The man who has consistently informed the American people of his unpredictability cannot be blamed for being unpredictable. Whether his capricious approach to life is an asset or a liability in so far as it concerns his impending presidency is a judgment of time and whether he should have won notwithstanding that explicitly announced intention is now well past time.
After reading about his 10-minute phone conversation with Taiwan’s leader, the first by any American and Taiwanese leaders since 1979, a somewhat outlandish thought did cross my mind—Who next? The Dalai Lama? I quickly banished the thought.
It seems to be a strategy with Trump not to let the media and the world recover from their consternation/surprise/shock by regularly dosing them with something freshly intoxicating. Even before the weirdly effusive content of his call with Pakistan’s Prime Minister Nawaz Sharif had ceased being controversial, the president-elect sprang the Taiwanese call.
On the point about the Trump-Sharif call, where the former, according to the latter, described his vis-à-vis as someone who is “a terrific guy” with a “very good reputation” doing “amazing work” in an “amazing” country full of “fantastic people”, people are still processing it. According to the Pakistani side, Trump also said he was “willing to play any role you want me to play to address and find solutions to the outstanding problems.”
Knowing the way the Pakistani mind works, I wouldn’t be surprised if that call was recorded by them just in case its claims of the content were seriously challenged.

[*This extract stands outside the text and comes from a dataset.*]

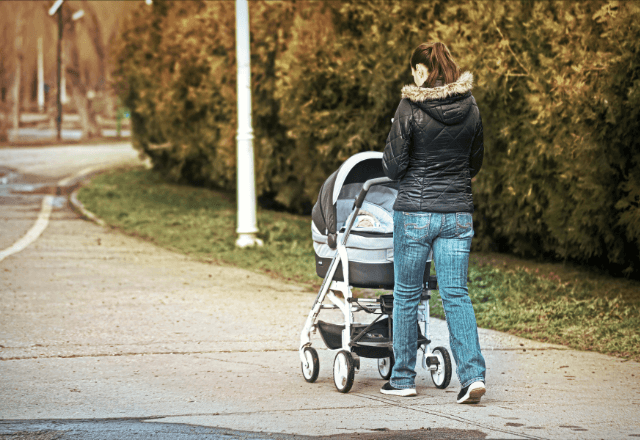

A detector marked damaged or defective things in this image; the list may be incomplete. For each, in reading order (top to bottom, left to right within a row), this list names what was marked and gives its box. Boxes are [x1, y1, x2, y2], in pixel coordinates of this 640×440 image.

crack in pavement [352, 392, 548, 440]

On its part the Trump team sought to play down the gushing tone of the call saying the two had a “productive conversation about how the United States and Pakistan will have a strong working relationship in the future. President-elect Trump also noted that he is looking forward to a lasting relationship with Prime Minister Sharif.”
When I first read the content of his call with Sharif as claimed by Islamabad, I immediately thought of Hindus for Trump, a group of Indian Americans one of whose primary reasons for being so sanguine about Trump was that he would cut Pakistan down to size. Well, if the man is willing to play any role that Pakistan wants him to play to solve all outstanding problems, at the very least it should tell his Indian American supporters that his capriciousness is real. Of course, by the sheer logic of capriciousness, he could well turn on that very dime all over again. So it is neither here nor there.
Coming back to Taiwan, which China regards as one of its breakaway provinces like it did Tibet and annexed it in 1950, I concur with the president-elect on one limited point. After the expected controversy over his call with the Taiwanese leader, he tweeted “Interesting how the U.S. sells Taiwan billions of dollars of military equipment but I should not accept a congratulatory call.” That is an unexceptionable point quite in keeping with his approach of crossing any and all lines. Of course, when you cross any and all lines, it is statistically inevitable that you would cross some of them for the right reasons.
Expectedly, Beijing is unhappy about the call and has reportedly let the Obama administration know as much. Not that, that is going to make any material difference when President Barack Obama is practically out of the White House.
The call can potentially damage US-China relations but then both sides know the importance of not stepping on each other’s corns too much. Analysts are trying to decipher whether the Trump-Tsai call signals a dramatic shift in America’s China policy under President Trump, threatening to upend decades of relative stability. I am not entirely sure much deep analysis goes into the way the president-elect conducts these phone conversations. They could well be lip-deep insincerities that a businessman long accustomed to mouthing them to sell uses.
Let’s accept for the sake of argument that Trump was well aware of how unfavorably the call would be viewed in Beijing but did it anyway. If that is the case, it is only in keeping with his express intention of routinely crossing lines. For someone for whom the very first straw should have been last straw when he announced his campaign calling an entire group of people rapists and murderers, let’s not pretend that the Taiwan call is shocking. Its consequence, if any at all, will be known over a period of time. Until then, let’s wait and see which new line he is getting ready to cross.